Shocking Slippery Slopes


Oh, it's lovely here today. All clouded over and sprinkling rain persistently. "Set in for the day." is an old expression that has a positive ring to it. Implying that you're not really gonna be outside much today, or as it's said in the construction industry, "Rain out! Let's go find a bar and git drunk like sailors."

Two hundred men suddenly free to enjoy the unexpected. Sometime a thousand men in a fairly small town. Husbands, lock yo' wimmin in the house. One of my favorite places to have worked myself out of a job was Galveston, Texas. Galveston is the port city of Houston and a port of call for ships from all over the world. Going out on the town there can be an international experience.
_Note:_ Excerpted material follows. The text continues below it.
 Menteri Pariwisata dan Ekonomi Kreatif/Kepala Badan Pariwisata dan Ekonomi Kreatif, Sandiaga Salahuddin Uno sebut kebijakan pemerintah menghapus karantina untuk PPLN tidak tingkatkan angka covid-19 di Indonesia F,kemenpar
Practically every seafaring country in the world has a specific bar they go to when they're in Galveston. Well, every country that has cargo and tanker ships sailing 'round the world. I don't really know how many bars in Galveston are set up to service foreign sailors, but dozens at least, and more than enough to make a night of it for a goodly number of nights in row.

I had joined my youngest brother and his helper in Galveston after I got run off from a job in the Cajun Riviera over in Louisiana. It was the first job I had after my second wife and our children abandon me for being an asshole. I decided to make a serious effort to become a real drunk and throw my life away. That's never worked for me, but it did get me fired.
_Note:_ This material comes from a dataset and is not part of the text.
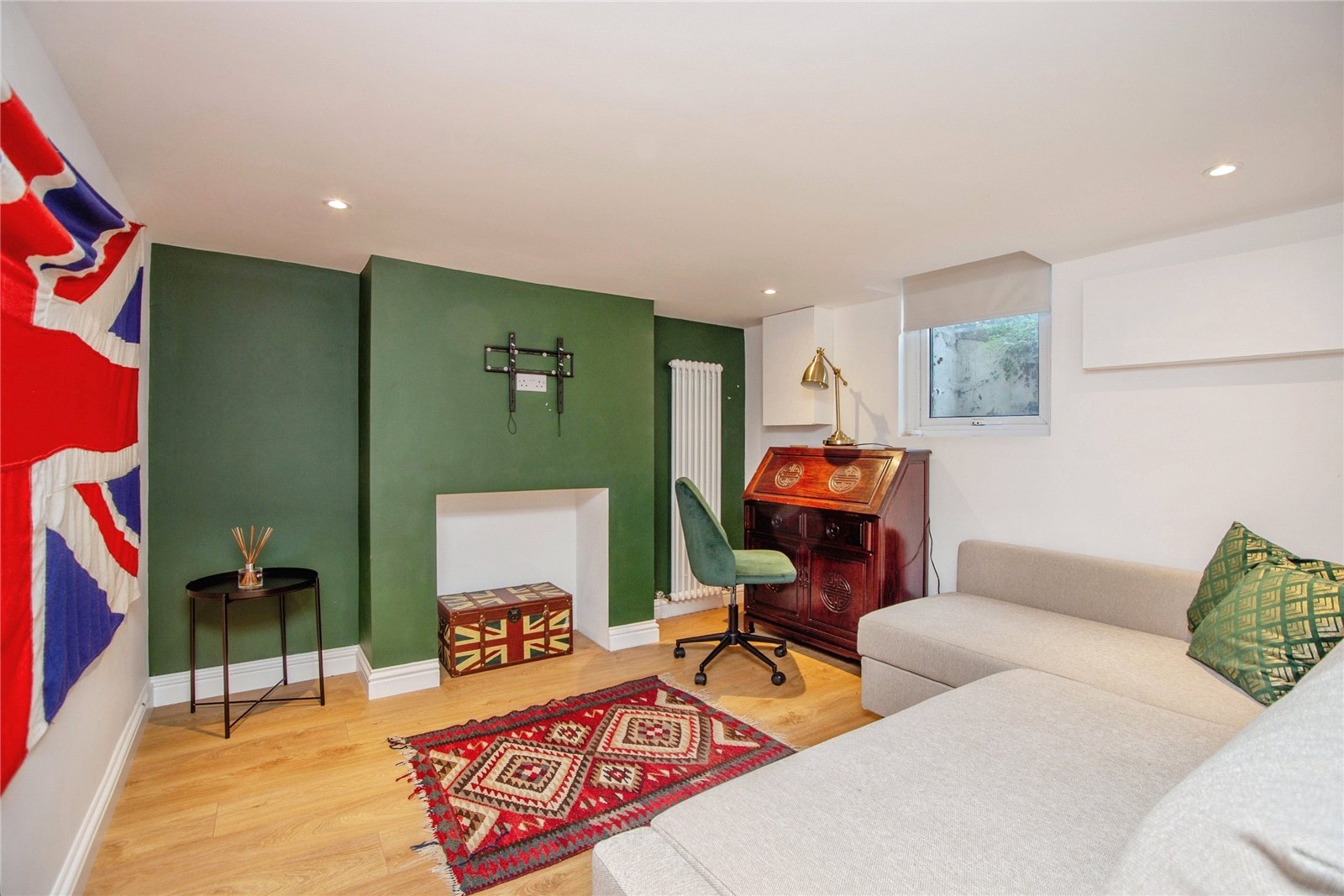 2 bedroom House to let in Cheltenham, Gloucestershire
Coming into work drunk was the excuse the Cajun clique that ran the job used to run me off. In truth, nepotism was at play, and they had some Cajun brother-in-law or cousin they wanted to be hired in my place, and I was in Louisiana.

Cajuns can be tight-knit and Catholic and a fun group to party with, but a Protestant working the petroleum industry construction in Louisiana is about like not being a cowboy in Texas and trying to keep a job there when family needs a job. They got shed of me for to hire they kinfolk. No blame. I knew that coming in.

Nepotism was not the reason me and my brother and Duke, his helper lost our jobs in Galveston. It was fundamentally the reason we got laid off sooner than expected. We just happened to be working in Texas when the oil industry itself went into a tailspin. Overnight there wasn't any money being spent on new construction in Texas, and even the native Texans couldn't find a job without being the friend of a friend.

Duke, my brother's helper was a young kid from around here. My brother got him hired on as a helper on a refinery job he was working in Utah. They traveled together out west for a while until I joined them in Galveston. The three of us hung around together after work, and over the next few months we toured the foreign bars around town.

Eventually, we began hanging out in this one fancy bar and grill that attracted a odd, but lively crowd of bar hoppers mostly from nearby Houston. They had a great buffet that offered seafood cooked in a variety of ways, and the food changed several times a night.

It was owned by an older homosexual who seemed fatally attracted to Duke. He constantly sent over drinks for the three of us in his attempt to seduce Duke. My brother and I lucky enough to drank free because we sat with Duke. It got to where we wouldn't go in there without him.

We should have left Galveston as soon as we got laid off. When we got there there were lots of construction jobs open. Particularly for pipefitters and pipewelders. You could literally quit one job and walk to the next job on the road and get hired the same day. We didn't realize at first how large the slowdown was, and that Texas had overnight become the worst state in the country to get a job. We hung out camping at a state park at the beach for a couple of weeks, and then we had to tuck our tails and slink outta there broke.